貴族たちの打算や軍事的な思惑に踊らされるのではなく、父が築いた工房と技術を守りながら、必要とする人たちに届ける。それこそがリリアナ・アルトワーズの新たな目標になろうとしていた。
夜会から逃げ出してきたあの瞬間を思い返すたびに、胸の奥はまだざわつき続ける。だけど、今はもう泣いていられない。

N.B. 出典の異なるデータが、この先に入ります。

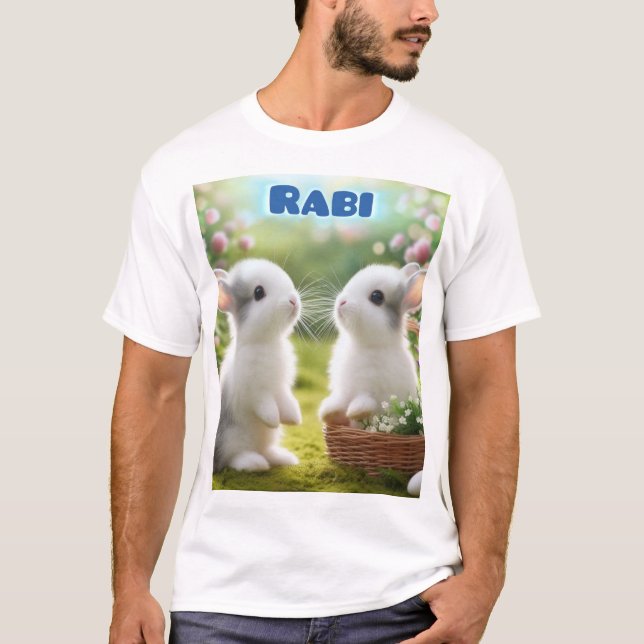 Sweet Rabbit Illustration T - Shirt für Liebhaber  (Vorderseite)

リリアナは枕元の灯りを消し、ただ静かに瞳を閉じた。黒い闇が訪れる代わりに、頭の中ではさまざまな設計図や新しい研究の可能性が渦を巻く。悲しみや怒りを紛らわせるようにして浮かんでくるのは、彼女が愛してやまない“ものづくり”に対する情熱だった。
「ここから……私の道を切り開くわ」
誰にも聞こえない、だけれど強い意志を含んだ声が静かな工房の夜に溶け込む。賑やかだった夜会とは対照的に、月明かりだけがしんと落ちる工房の空気は、リリアナに安らかな安堵を与えてくれる。
彼女の頬に、わずかな涙の跡が残っていたが、それはもう絶望を流すためのものではなく、次の一歩を踏み出すための決意のしるしだった。